Top of Record extracts

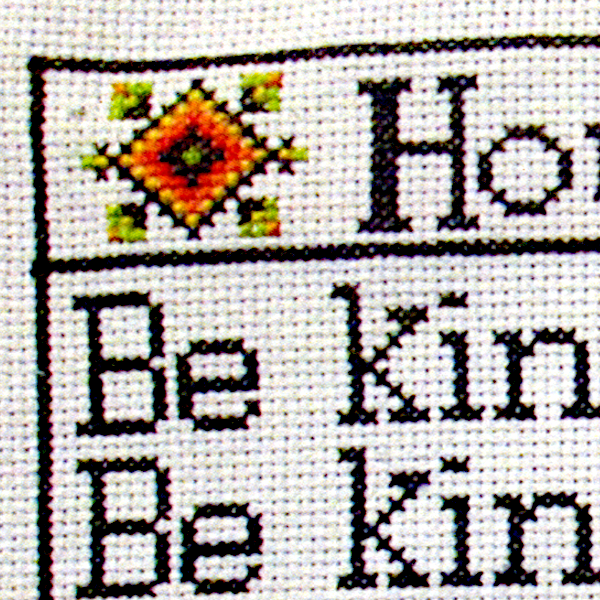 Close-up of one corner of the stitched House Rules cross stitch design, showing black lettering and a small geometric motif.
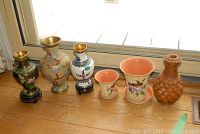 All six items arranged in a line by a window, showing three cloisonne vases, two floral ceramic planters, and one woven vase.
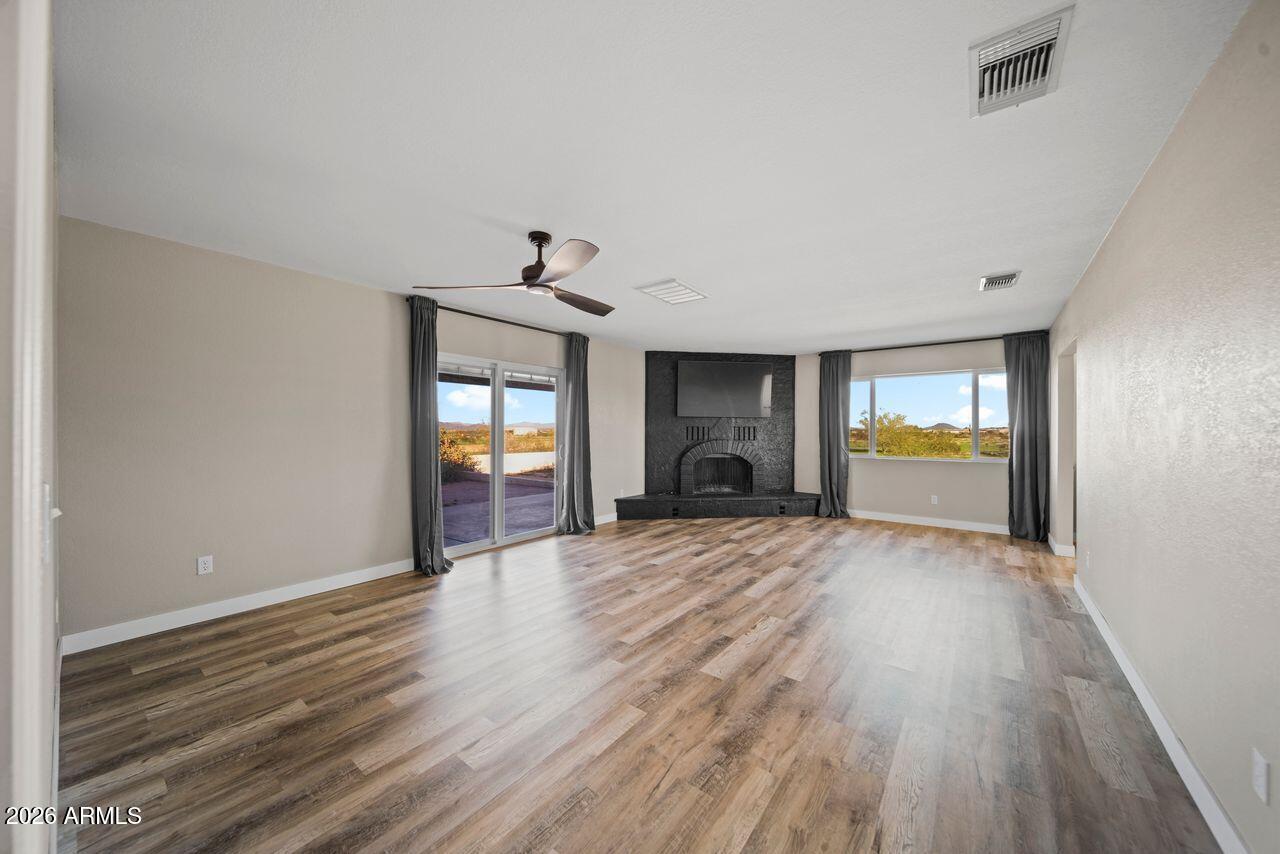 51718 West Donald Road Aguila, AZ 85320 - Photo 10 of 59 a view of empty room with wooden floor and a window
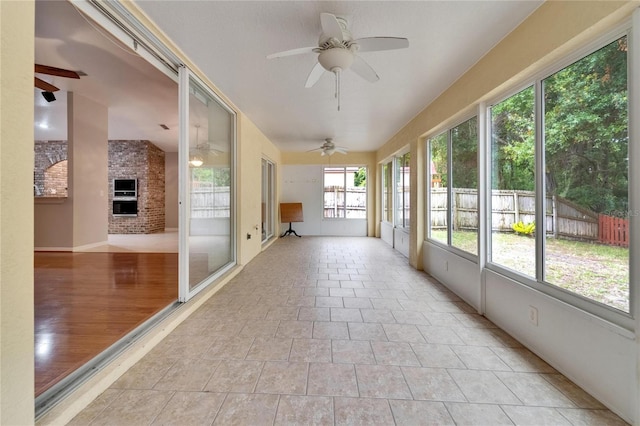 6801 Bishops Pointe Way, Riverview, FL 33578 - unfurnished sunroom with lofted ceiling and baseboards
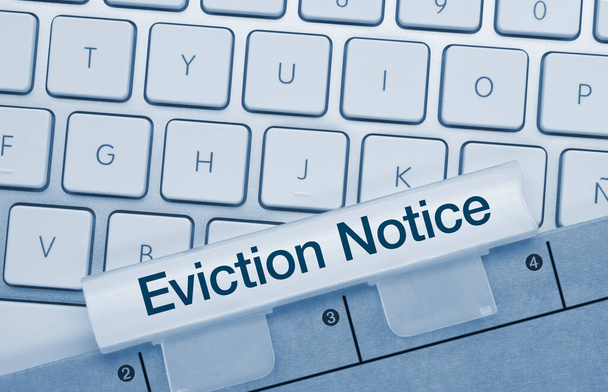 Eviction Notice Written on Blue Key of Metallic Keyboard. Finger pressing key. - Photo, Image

Bottom of Record extracts

▶ Activity:
Without copying the pictures, transcribe the entries exactly.

▶ Answer area:
 Close-up of one corner of the stitched House Rules cross stitch design, showing black lettering and a small geometric motif.
 All six items arranged in a line by a window, showing three cloisonne vases, two floral ceramic planters, and one woven vase.
 51718 West Donald Road Aguila, AZ 85320 - Photo 10 of 59 a view of empty room with wooden floor and a window
 6801 Bishops Pointe Way, Riverview, FL 33578 - unfurnished sunroom with lofted ceiling and baseboards
 Eviction Notice Written on Blue Key of Metallic Keyboard. Finger pressing key. - Photo, Image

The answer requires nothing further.